R Non, je n’ai pas venu venir le formidable soulèvement du peuple algérien. Par moments, j’avais commencé à désespérer. Mais j’ai toujours gardé, au fond de moi, la foi de voir notre nation s’éveiller à ses responsabilités. J’avoue que je suis agréablement surpris par la maturité et le sang-froid dont font preuve les Algériens aujourd’hui. En 2013, j’avais parcouru 10 000 km par route, lors de ma précampagne présidentielle, et j’avais constaté un mal profond. Le peuple algérien paraissait se complaire dans son statut de convalescent après la décennie noire. Puis, d’un coup, le voilà qui assume et qui assure. C’est fantastique. De mon côté, je ne compte nullement m’asseoir sur le siège présidentiel. Je suis sur mon nuage de romancier et je suis très bien ainsi.

Q Est-ce que vous habitez Paris en permanence? Retournez-vous souvent en Algérie?

R Je retourne souvent en Algérie. J’ai construit ma maison à Oran et je compte rentrer définitivement chez moi dans deux ou trois ans. Je suis resté à Paris pour ne pas perturber les études de mes enfants qui ont connu l’école algérienne, puis l’école mexicaine. Il leur fallait se stabiliser.

Q Vous avez été choisi président d’honneur du Salon international du livre de Québec. Quels sont vos souvenirs reliés à la capitale?

R Être le président d’un salon littéraire est une marque de confiance et d’estime. J’ai présidé d’autres festivals, notamment en France, et cela m’engage à plus de responsabilités. Il ne s’agit pas seulement d’un privilège, mais surtout d’une mission importante pour soutenir le livre, le lecteur et l’écrivain dans un monde en perte de repères. Le livre permet de préserver notre libre arbitre de la pensée globale qui n’en finit pas de nous rendre étrangers à nous-mêmes. J’ai déjà participé au Salon du livre de Québec, il y a une dizaine d’années. J’en garde un excellent souvenir. Bien sûr, je n’ai pas eu le temps de mieux connaître la ville, mais j’ai réussi à m’y faire des amis.

Q Quel genre de lecteur êtes-vous? Quels sont vos auteurs préférés, vos récents coups de cœur?

R Avant mon opération de la cataracte en 2017, je ne pouvais pas m’endormir sans un livre ouvert sur la figure. Je lisais toutes sortes de romans, persuadé qu’il n’existe pas de genres et que tout repose sur le talent de l’écrivain. J’aime autant la littérature russe qu’américaine et j’ai toujours cherché dans un livre de quoi m’instruire davantage. Mes auteurs préférés sont légion. Si je dois n’en citer que quatre, je dirais Jack London, Gogol, Saint-Exupéry et Taha Hossein.

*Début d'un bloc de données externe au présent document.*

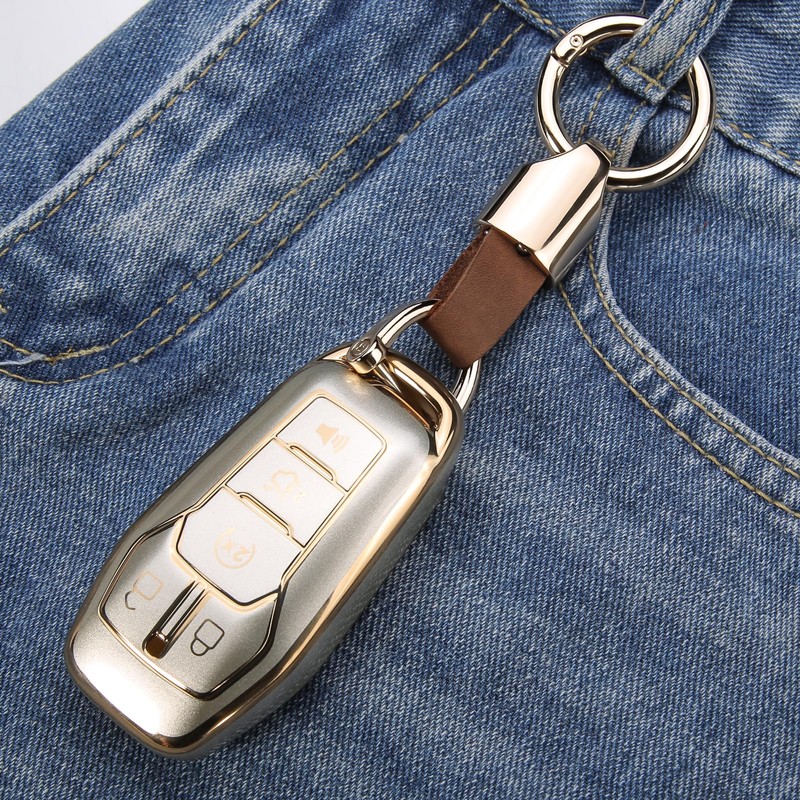 8T69T for Ford Key Fob Cover with Keychain Accessories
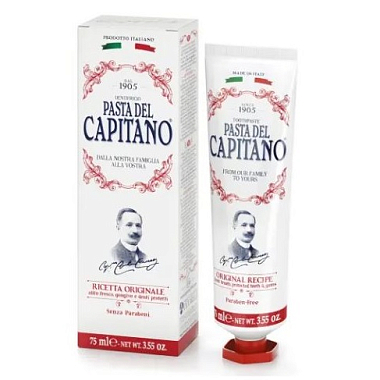 Купить Pasta Del Capitano 1905 75 мл паста зубная оригинальный рецепт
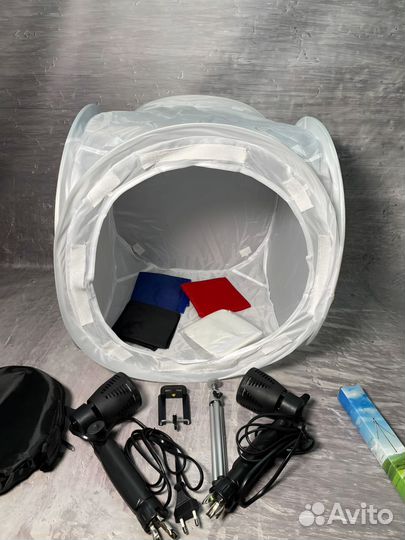 Лайтбокс для фото 40 см + свет + штатив + сумка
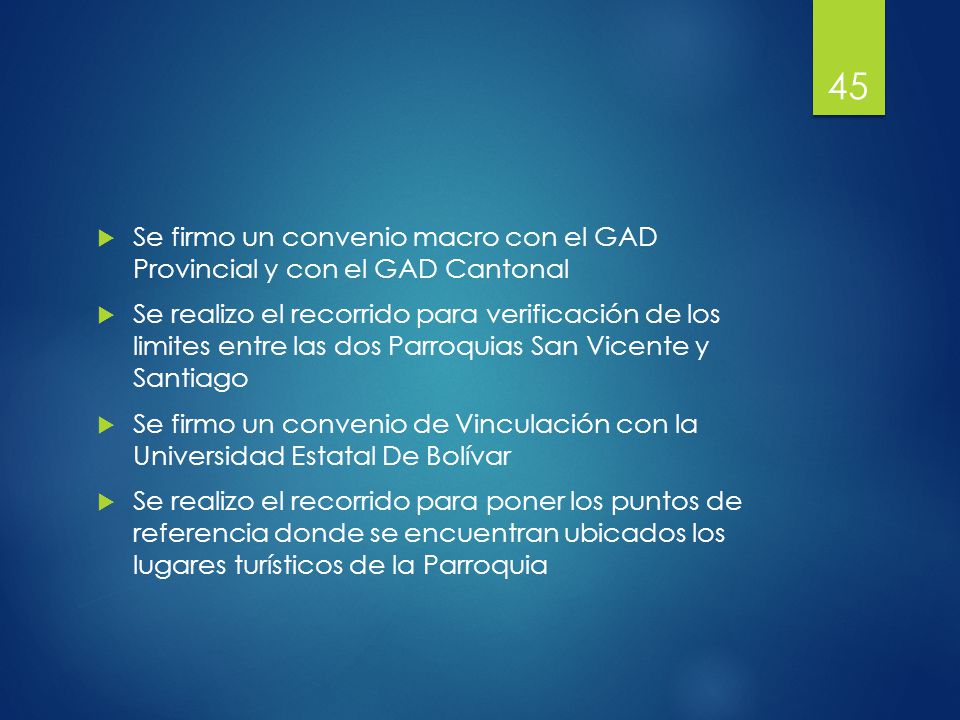 Se firmo un convenio macro con el GAD Provincial y con el GAD Cantonal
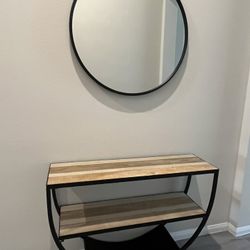 Entryway Table and Mirror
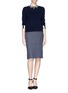 Figure View - Click To Enlarge - ST. JOHN - Dash stripe knit pencil skirt
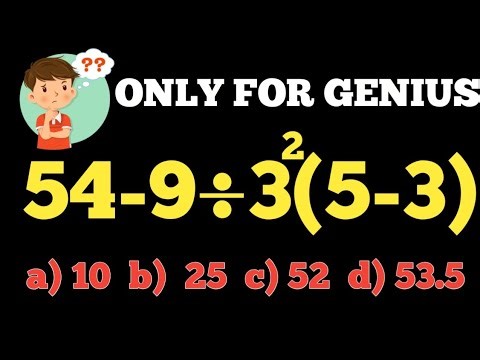 Only Geniuses Can Solve This Maths Question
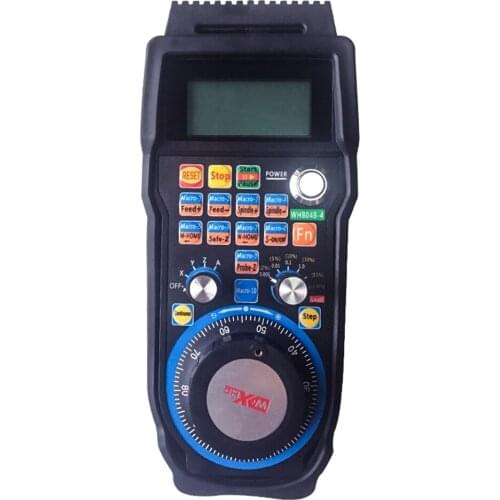 4 axis engrving machine Mach3 USB wireless CNC MPG hand wheel manual pulse generator with LCD display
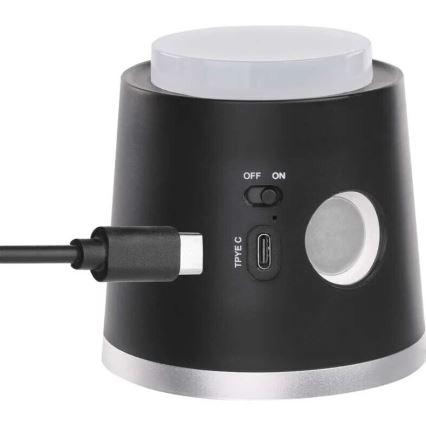 LED Prigušiva punjiva stona lampa 4u1 LED/6W/3,7V 3000K/4000K/6500K 1500mAh crno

Q Des projets? Un nouveau roman en chantier?

R J’ai un roman qui sort le 2 mai. Il s’intitule L’outrage fait à Sarah Ikker. C’est mon premier roman marocain. Je compte créer un personnage récurrent pour la Tunisie aussi afin de faire voler en éclats les frontières qui fracturent le Maghreb. Je suis un fervent militant d’un Maghreb uni.

Yasmina Khadra participera à une rencontre d’auteurs au Salon du livre le mercredi 10 avril (16h), le vendredi 12 avril (17h30) et le dimanche 14 avril (10h). Il sera également de deux tables rondes, le samedi 13 avril (12h30 et 15h).